Corporate loans outstanding continued to shrink in 2013 Q1, declining by 6.3 per cent on a year-on-year basis. According to banks’ responses, there has been no material change in corporate credit conditions, and no shift is expected in the period covering 2013 Q2 and Q3 either, i.e. the broad-based tightening implemented in previous years will remain in place. The decline in interest rates on new corporate loans continued; overall, the cuts in the central bank policy rate starting in August passed through entirely into forint lending rates, hence the nominal interest rates of forint loans was around 8 per cent at the end of 2013 Q1. At the same time, due to the tightness of non-price credit conditions, only a narrow range of enterprises benefit from the more favourable lending rates.

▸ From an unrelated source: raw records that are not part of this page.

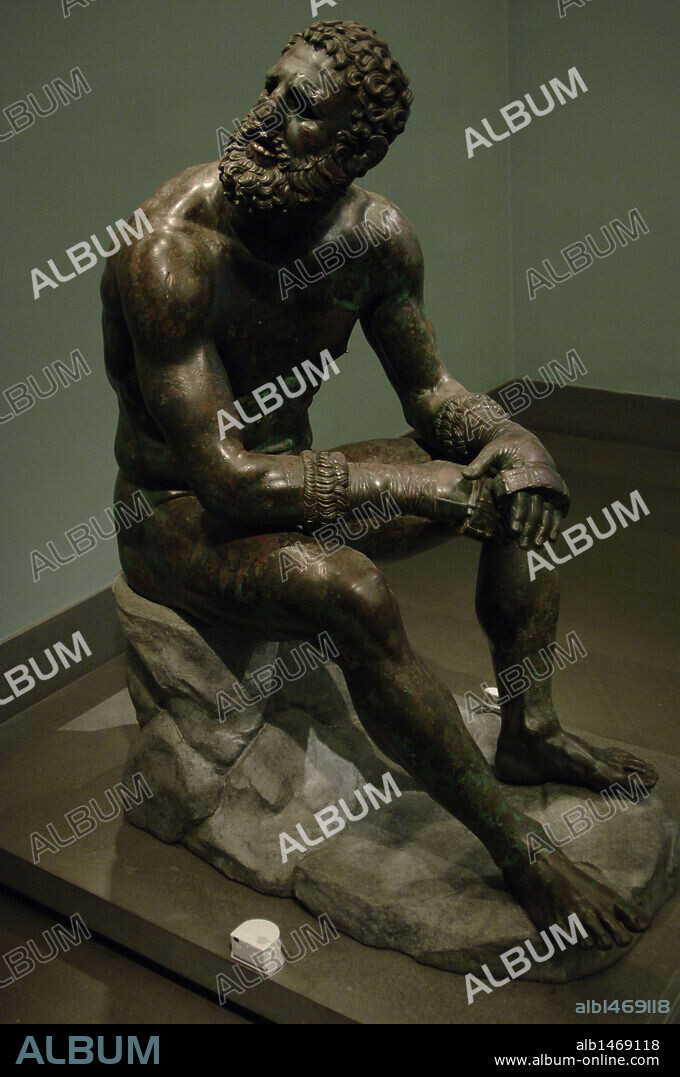 Greek Art. Hellenistic. Boxer of Quirinal or the Terme Boxer. Bronze sculpture of the Hellenistic period (1st century B.C.). Boxer sitting at rest, with metal and leather dressings used for combat. Palazzo Massimo. National Roman Museum. Rome. italy.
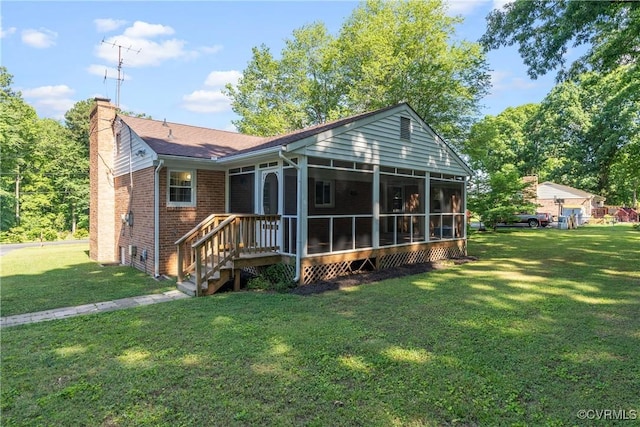 5441 Claridge Dr, Chesterfield, VA 23832 - rear view of property with a sunroom, a yard, a chimney, and brick siding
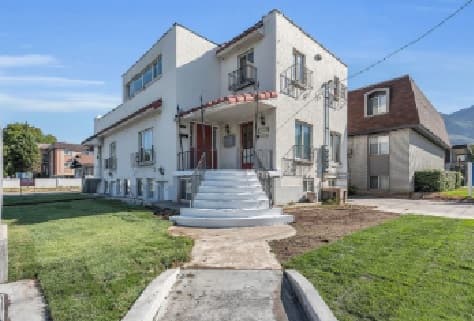 La Casa Provo is a two-story white stucco apartment building with red doors, a small staircase leading to the entrance, and a neatly trimmed lawn under a clear blue sky.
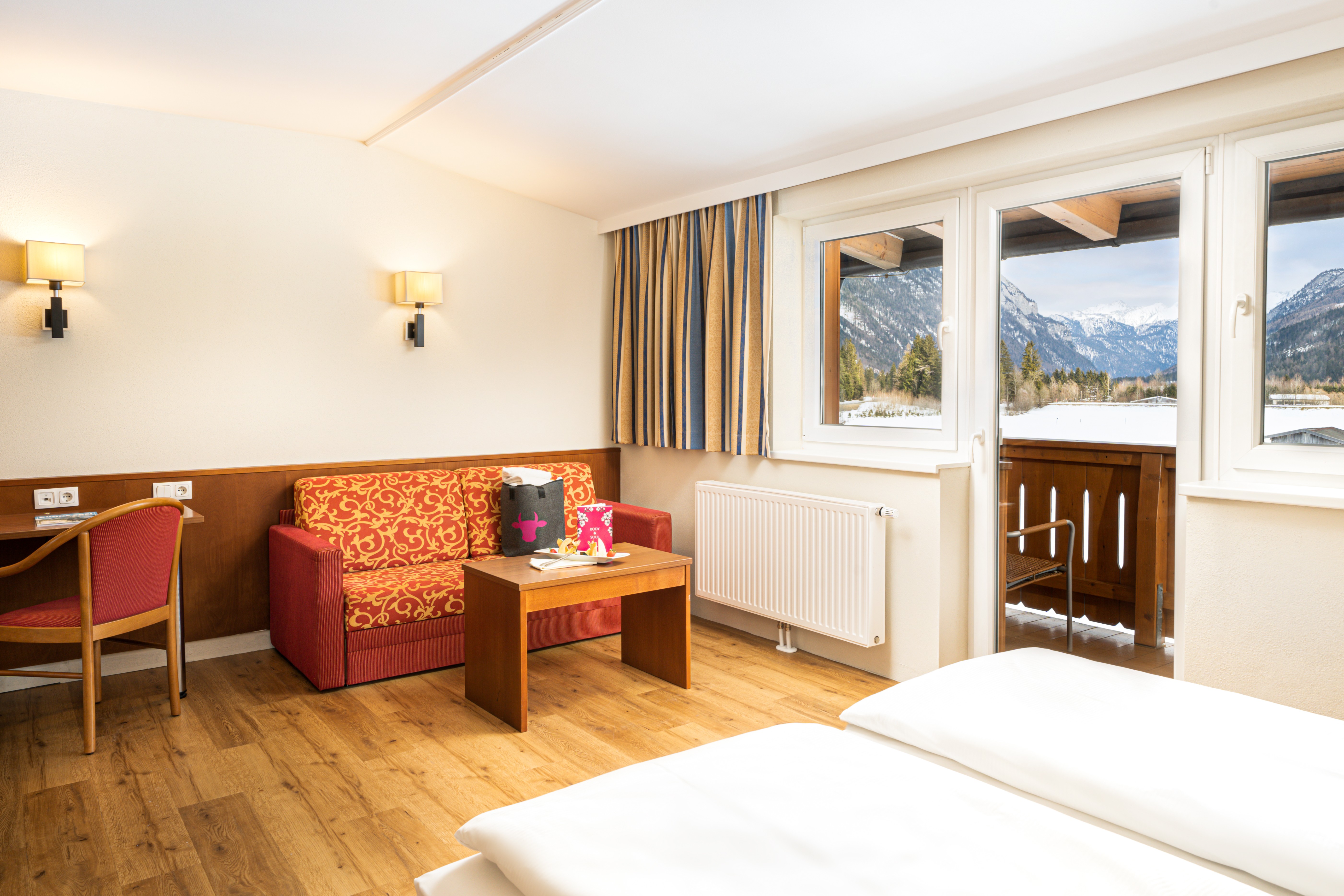 Guest room at the KUHOTEL Steinplatte, Trademark Collection by Wyndham in Waidring, Other than US/Canada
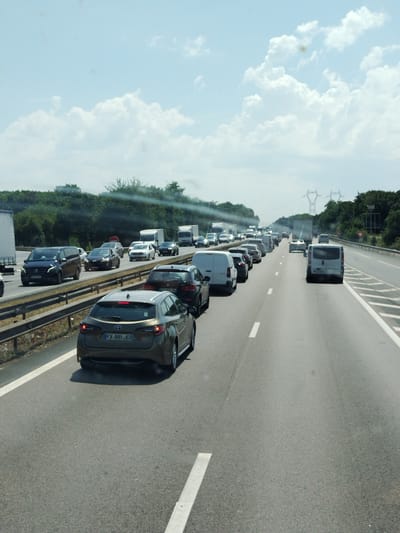 This image depicts a daytime scene of heavy traffic congestion on a multi-lane highway in Villeparisis, France. The sky is bright and partly cloudy, suggesting fair weather. The highway is lined with trees and vegetation on either side, and in the background, power lines and pylons are visible, indicating a semi-urban or rural setting.

The primary subjects are a large number of vehicles, including cars, vans, and trucks, all stalled or moving very slowly in a traffic jam. A dark grey station wagon with the license plate "FX-991-JC" is prominently featured in the foreground, facing away from the camera. Other vehicles in the traffic jam include a black Mercedes-Benz minivan, several sedans and SUVs, and multiple white panel vans and trucks. The vehicles are bumper-to-bumper, filling all visible lanes of the highway.

The activity taking place is a traffic jam, likely due to an accident, construction, or high volume of traffic on what appears to be a major road. There are no people clearly visible within the vehicles, but the sheer number of cars implies a significant number of occupants. The scene conveys a sense of frustration and delay typical of such traffic situations. The time of day is indicated by the bright sunlight and clear sky, likely mid-morning or afternoon. No specific emotional states are conveyed, as the focus is on the vehicles and the traffic situation.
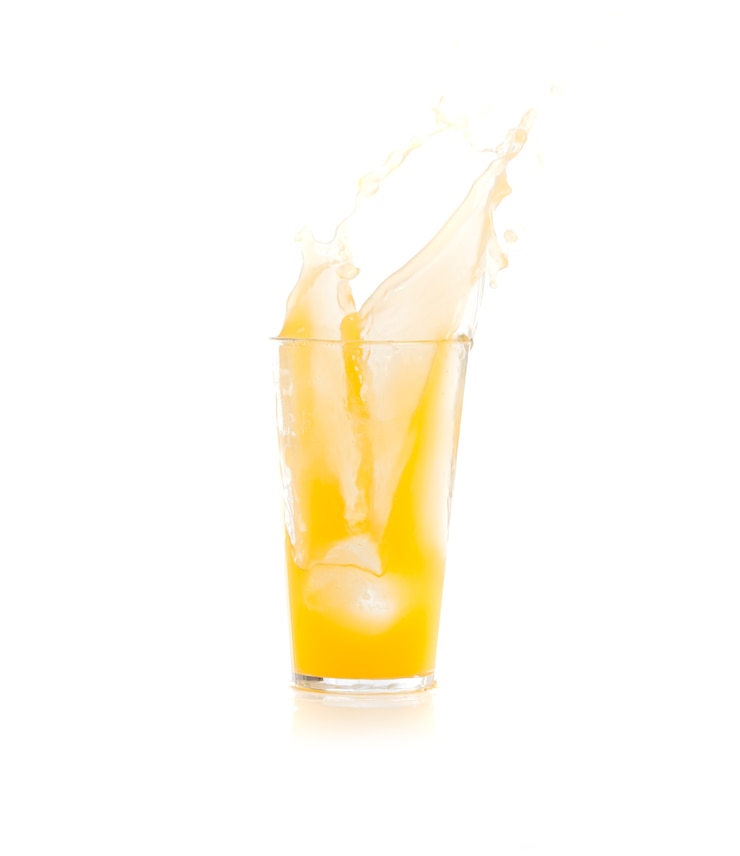 Photo gratuit ice tomber dans un verre avec une boisson jaune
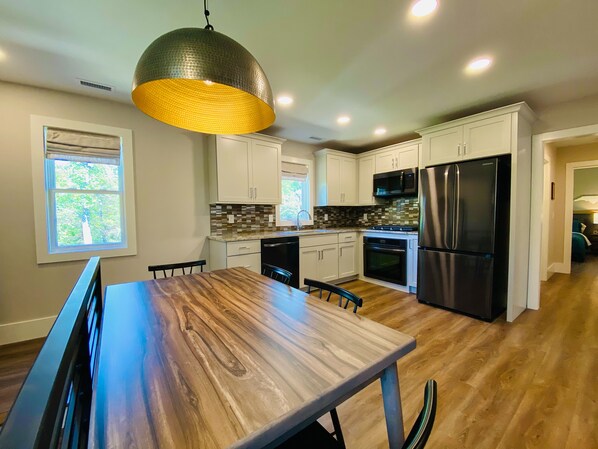 A modern kitchen with white cabinets, a stainless steel refrigerator, and a wooden dining table.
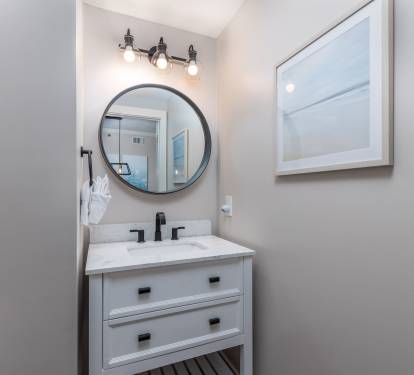 Newly renovated powder bath area off the dining space. 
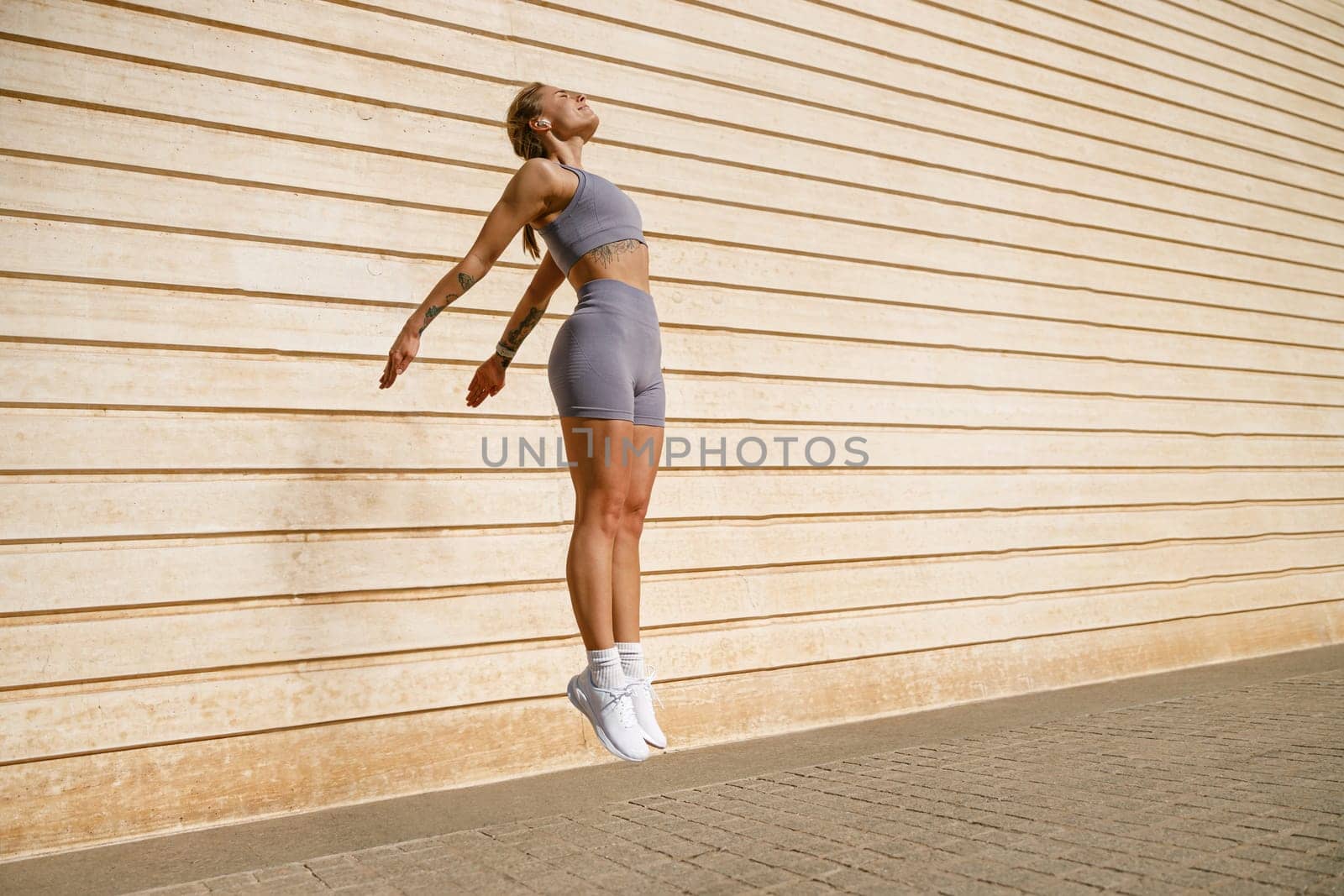 Female athlete in sportswear leaping in air with wall backdrop outdoors. Healthy lifestyle concept by Yaroslav_astakhov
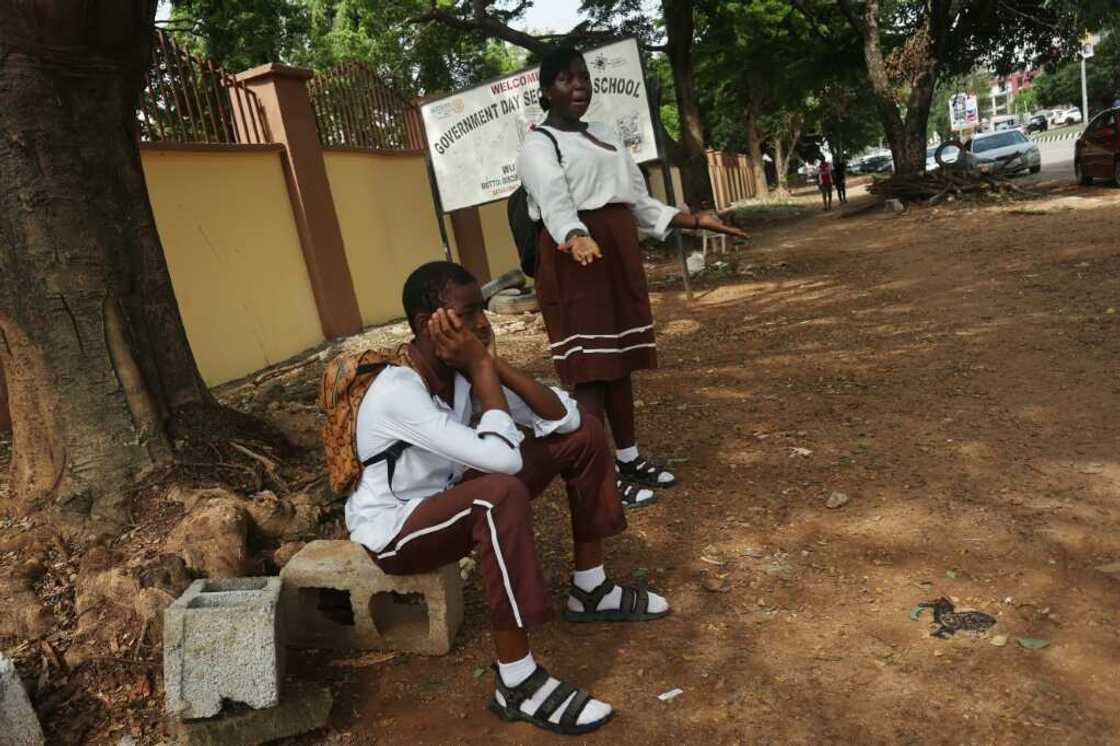 Students wait outside their Government Science Secondary School in the capital after unions launched an indefinite strike for a higher minimum wage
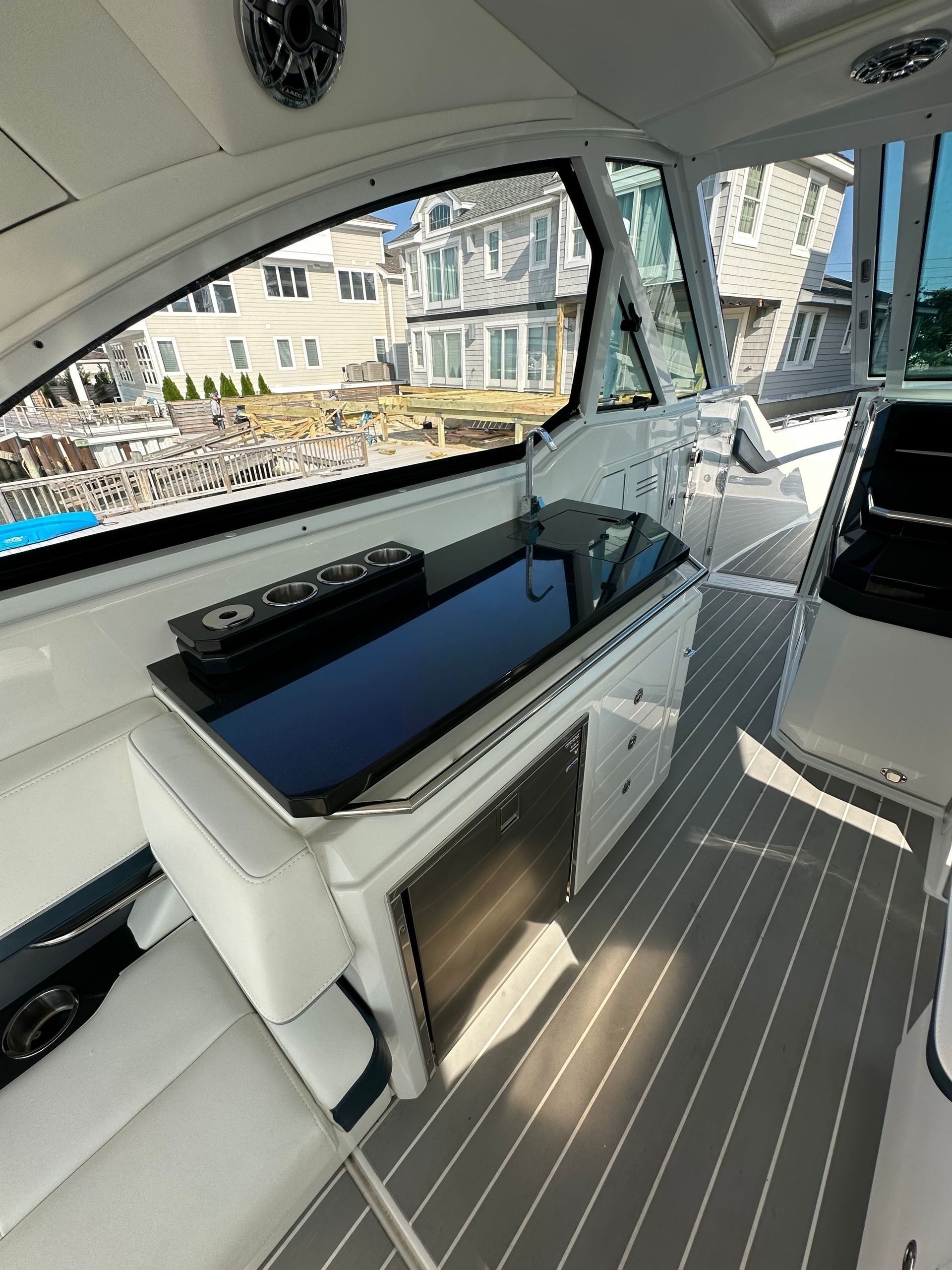 the inside of a boat with a black counter top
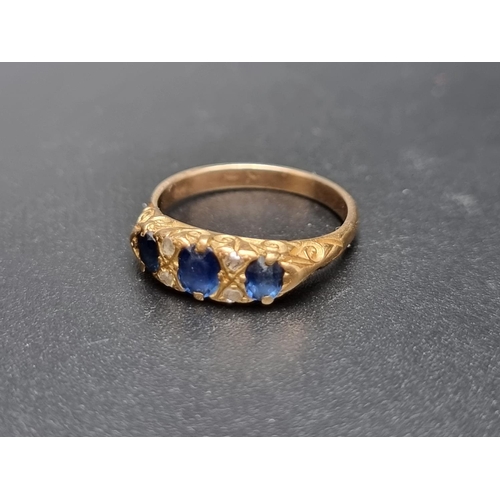 176 - A Victorian yellow metal ring, set three oval sapphires and four diamond chips, size N 1/2....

Banks’ outstanding loans continued to decline in the household segment as well in 2013 Q1: the year-on-year change amounts to 5 per cent in the period under review. According to banks’ responses, the easing of household credit conditions is unbroken in the case of both housing and consumer loans; accordingly, further adjustment has taken place and can be expected in the broad-based tightening carried out at the end of 2011. Within new loans extended, only the annual percentage rate charged (APR) of housing loans tracked the policy rate cuts, thus the average market interest rate of housing loans declined to 10.5 per cent to the end of Q1. At the same time, in the case of new lending the interest rate spread continues to be extremely high (in excess of 5 per cent), which is also reflected in the historically low new loan volumes.
The contractionary behaviour of the banking sector is reflected in the developments in lending in both the corporate and household segments: the overall tightness of credit conditions continues to hinder a recovery in lending and the closing of the output gap.